Talk about baptism by fire. "When you're in the middle of the ocean, you have to be independent-minded because, clearly, you can't get vendor support," Carney says. "That makes you reliant on your skills and gives you the competence for handling anything."
From the city that works …
With a wedding approaching, Carney left marine engineering for dry land. This time, the native New Yorker didn't stray too far from home. He became an engineer for Con Edison, the Big Apple-based public utility.
Carney stayed at Con Edison for nine years, honing his electrical engineering skills and acquiring an inside knowledge of how utilities operate. During this period, Carney also gained his footing in finance, earning an MBA from Baruch College at night.

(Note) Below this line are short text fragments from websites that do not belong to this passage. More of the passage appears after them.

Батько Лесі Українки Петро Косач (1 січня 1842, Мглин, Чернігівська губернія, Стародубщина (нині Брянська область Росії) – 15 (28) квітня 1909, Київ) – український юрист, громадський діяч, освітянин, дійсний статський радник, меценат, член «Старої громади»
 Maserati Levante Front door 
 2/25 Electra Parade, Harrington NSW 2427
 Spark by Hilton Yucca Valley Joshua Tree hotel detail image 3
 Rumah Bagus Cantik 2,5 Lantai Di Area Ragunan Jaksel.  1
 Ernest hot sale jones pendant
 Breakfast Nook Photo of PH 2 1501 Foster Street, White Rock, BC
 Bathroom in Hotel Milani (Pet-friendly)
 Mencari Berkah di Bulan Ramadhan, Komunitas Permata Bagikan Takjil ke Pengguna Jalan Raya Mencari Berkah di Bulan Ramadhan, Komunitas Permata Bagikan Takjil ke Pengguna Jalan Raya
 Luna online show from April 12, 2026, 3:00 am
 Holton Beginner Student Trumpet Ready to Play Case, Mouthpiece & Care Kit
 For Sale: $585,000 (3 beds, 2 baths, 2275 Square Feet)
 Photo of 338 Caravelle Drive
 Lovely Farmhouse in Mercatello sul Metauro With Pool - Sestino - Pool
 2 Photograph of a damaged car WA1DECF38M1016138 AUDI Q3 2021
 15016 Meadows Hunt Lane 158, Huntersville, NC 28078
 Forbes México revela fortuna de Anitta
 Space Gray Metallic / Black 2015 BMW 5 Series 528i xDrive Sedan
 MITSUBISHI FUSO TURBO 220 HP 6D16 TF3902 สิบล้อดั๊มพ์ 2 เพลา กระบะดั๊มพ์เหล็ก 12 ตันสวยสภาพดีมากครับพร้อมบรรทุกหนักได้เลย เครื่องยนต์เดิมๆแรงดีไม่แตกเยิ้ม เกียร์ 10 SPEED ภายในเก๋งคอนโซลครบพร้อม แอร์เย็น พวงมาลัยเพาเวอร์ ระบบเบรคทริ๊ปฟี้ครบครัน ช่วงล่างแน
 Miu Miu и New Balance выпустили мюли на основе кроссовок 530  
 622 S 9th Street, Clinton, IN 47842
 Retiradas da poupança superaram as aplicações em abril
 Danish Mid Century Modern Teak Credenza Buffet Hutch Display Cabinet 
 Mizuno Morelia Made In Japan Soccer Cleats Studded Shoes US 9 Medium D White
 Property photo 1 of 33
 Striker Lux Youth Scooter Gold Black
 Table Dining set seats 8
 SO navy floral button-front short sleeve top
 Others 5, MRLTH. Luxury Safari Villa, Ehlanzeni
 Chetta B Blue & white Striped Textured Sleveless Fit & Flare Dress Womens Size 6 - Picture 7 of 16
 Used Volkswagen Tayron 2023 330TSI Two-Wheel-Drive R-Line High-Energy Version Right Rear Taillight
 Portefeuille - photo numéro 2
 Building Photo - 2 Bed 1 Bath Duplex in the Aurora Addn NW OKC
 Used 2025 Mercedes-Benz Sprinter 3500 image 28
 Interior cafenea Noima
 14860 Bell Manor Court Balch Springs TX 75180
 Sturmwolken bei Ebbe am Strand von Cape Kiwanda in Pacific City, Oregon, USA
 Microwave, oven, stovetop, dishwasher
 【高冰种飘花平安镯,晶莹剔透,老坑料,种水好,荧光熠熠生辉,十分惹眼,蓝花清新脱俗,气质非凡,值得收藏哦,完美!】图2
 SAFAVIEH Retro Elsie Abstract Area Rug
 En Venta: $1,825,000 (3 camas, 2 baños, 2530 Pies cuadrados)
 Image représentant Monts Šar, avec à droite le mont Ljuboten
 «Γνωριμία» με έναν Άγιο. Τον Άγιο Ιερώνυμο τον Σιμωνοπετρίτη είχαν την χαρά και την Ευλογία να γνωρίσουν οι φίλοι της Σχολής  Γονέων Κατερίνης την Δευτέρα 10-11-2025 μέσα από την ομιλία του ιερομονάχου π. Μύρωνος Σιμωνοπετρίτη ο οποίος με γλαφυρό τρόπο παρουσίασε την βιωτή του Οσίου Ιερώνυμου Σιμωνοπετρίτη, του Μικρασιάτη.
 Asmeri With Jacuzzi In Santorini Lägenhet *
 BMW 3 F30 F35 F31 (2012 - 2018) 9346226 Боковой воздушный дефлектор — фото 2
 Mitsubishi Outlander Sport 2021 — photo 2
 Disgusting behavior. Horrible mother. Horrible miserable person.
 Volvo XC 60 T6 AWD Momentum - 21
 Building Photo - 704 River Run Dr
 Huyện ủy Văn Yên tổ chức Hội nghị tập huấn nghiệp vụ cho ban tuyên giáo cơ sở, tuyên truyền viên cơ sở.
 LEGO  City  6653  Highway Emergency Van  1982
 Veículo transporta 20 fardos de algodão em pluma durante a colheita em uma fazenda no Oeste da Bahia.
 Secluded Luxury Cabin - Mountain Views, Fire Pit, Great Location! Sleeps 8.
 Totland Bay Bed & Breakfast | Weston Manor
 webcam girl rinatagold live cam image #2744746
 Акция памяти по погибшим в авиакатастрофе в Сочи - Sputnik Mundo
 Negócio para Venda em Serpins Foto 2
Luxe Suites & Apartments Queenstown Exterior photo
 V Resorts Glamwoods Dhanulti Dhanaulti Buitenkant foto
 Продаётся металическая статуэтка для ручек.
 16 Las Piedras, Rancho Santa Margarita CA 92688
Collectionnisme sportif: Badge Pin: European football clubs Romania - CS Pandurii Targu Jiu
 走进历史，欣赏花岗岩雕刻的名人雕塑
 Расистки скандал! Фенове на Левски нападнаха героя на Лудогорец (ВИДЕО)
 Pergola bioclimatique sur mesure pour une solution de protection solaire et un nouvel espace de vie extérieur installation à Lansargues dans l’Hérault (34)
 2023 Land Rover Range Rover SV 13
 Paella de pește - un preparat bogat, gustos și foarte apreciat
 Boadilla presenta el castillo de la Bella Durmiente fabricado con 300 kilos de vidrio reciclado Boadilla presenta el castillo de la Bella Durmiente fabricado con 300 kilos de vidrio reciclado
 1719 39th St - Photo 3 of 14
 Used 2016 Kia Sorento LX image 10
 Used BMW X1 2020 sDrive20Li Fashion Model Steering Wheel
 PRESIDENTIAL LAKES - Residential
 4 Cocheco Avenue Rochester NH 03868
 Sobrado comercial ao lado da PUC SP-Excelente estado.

Next came the opportunity to focus on uptime and critical infrastructure — in TV land. For seven years, Carney was head of engineering for ABC's North American TV operations. He handled the electrical and property infrastructure for ABC TV in New York, Washington and, to some degree, California, he says.
"TV has a fungible product — commercials. If you lose a commercial, you lose revenue. So the concept of uptime and reliability, and how I had to deal with those from an engineering perspective, were really enforced there," Carney says.
… to the Citi that never sleeps
After seven years, Carney was ready for a new challenge — and found it at Citi. In 2000, he joined the company's property management operation, overseeing the facilities infrastructure and people aspects of a diverse building portfolio, including seven high-rises and four data centers, in the New York metro area. "I quickly learned that the most intense work focused on the data centers and the technology organization," he recalls.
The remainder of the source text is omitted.